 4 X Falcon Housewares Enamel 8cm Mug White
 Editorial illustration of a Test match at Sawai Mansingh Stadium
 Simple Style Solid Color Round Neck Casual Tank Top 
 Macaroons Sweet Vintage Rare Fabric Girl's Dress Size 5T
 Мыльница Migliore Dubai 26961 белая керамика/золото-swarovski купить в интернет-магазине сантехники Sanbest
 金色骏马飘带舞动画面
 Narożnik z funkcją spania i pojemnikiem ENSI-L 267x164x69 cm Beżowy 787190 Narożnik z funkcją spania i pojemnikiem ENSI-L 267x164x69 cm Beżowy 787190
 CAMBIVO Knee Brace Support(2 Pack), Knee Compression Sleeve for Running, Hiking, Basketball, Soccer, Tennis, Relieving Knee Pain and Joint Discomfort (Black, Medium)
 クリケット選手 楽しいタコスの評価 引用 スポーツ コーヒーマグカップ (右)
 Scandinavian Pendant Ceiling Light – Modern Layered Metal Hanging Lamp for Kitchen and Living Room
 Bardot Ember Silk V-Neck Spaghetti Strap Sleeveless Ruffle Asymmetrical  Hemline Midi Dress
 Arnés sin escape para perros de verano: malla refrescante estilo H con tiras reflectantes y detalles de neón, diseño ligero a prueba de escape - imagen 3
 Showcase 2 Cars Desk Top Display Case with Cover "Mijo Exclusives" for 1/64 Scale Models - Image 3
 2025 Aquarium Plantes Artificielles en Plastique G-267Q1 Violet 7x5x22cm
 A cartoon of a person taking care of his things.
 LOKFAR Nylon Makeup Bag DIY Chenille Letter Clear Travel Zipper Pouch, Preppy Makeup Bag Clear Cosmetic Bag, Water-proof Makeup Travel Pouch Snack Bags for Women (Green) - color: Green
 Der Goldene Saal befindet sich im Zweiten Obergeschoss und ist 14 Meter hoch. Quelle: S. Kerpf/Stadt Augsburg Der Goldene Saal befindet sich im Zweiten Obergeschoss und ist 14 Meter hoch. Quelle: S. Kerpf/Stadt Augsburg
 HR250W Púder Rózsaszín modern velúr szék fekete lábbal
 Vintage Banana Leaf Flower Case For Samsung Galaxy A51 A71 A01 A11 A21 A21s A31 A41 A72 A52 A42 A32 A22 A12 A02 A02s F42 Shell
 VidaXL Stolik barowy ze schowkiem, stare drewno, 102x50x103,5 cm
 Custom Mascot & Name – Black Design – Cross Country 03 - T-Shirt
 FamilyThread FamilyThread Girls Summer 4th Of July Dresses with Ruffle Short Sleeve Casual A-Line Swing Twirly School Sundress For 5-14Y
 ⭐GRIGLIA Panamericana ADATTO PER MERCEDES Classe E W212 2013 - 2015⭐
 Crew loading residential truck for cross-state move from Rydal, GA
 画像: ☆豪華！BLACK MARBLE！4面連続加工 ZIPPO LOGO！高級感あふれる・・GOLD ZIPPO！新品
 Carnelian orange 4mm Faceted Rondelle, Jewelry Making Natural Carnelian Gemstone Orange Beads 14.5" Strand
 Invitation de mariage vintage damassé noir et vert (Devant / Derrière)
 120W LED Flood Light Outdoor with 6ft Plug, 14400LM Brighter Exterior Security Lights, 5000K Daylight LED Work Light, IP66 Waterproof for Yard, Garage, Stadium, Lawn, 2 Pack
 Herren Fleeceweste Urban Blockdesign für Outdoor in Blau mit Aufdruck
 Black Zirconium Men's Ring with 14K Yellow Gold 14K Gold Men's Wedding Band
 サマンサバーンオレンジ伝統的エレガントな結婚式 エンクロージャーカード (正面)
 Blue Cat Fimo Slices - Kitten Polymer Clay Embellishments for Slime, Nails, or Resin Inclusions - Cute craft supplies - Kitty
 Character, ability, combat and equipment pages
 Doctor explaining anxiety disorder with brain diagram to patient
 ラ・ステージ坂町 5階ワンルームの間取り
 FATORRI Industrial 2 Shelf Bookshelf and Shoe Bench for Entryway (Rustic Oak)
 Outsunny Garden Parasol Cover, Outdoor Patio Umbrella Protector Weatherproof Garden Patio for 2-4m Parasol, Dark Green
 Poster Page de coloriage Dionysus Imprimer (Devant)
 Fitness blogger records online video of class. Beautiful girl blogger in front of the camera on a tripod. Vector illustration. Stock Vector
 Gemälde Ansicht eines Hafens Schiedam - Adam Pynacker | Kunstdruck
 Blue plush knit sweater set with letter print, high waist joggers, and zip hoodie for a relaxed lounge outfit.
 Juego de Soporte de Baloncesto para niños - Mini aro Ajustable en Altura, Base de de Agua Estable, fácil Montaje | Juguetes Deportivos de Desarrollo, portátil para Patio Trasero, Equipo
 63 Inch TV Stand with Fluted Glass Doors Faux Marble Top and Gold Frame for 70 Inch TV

----

Copy exactly the stretch of data above from the line with "Macaroons Sweet Vintage" through the line with "Bardot Ember Silk", and omit all other lines.

EXPECTED OUTPUT.
 Macaroons Sweet Vintage Rare Fabric Girl's Dress Size 5T
 Мыльница Migliore Dubai 26961 белая керамика/золото-swarovski купить в интернет-магазине сантехники Sanbest
 金色骏马飘带舞动画面
 Narożnik z funkcją spania i pojemnikiem ENSI-L 267x164x69 cm Beżowy 787190 Narożnik z funkcją spania i pojemnikiem ENSI-L 267x164x69 cm Beżowy 787190
 CAMBIVO Knee Brace Support(2 Pack), Knee Compression Sleeve for Running, Hiking, Basketball, Soccer, Tennis, Relieving Knee Pain and Joint Discomfort (Black, Medium)
 クリケット選手 楽しいタコスの評価 引用 スポーツ コーヒーマグカップ (右)
 Scandinavian Pendant Ceiling Light – Modern Layered Metal Hanging Lamp for Kitchen and Living Room
 Bardot Ember Silk V-Neck Spaghetti Strap Sleeveless Ruffle Asymmetrical  Hemline Midi Dress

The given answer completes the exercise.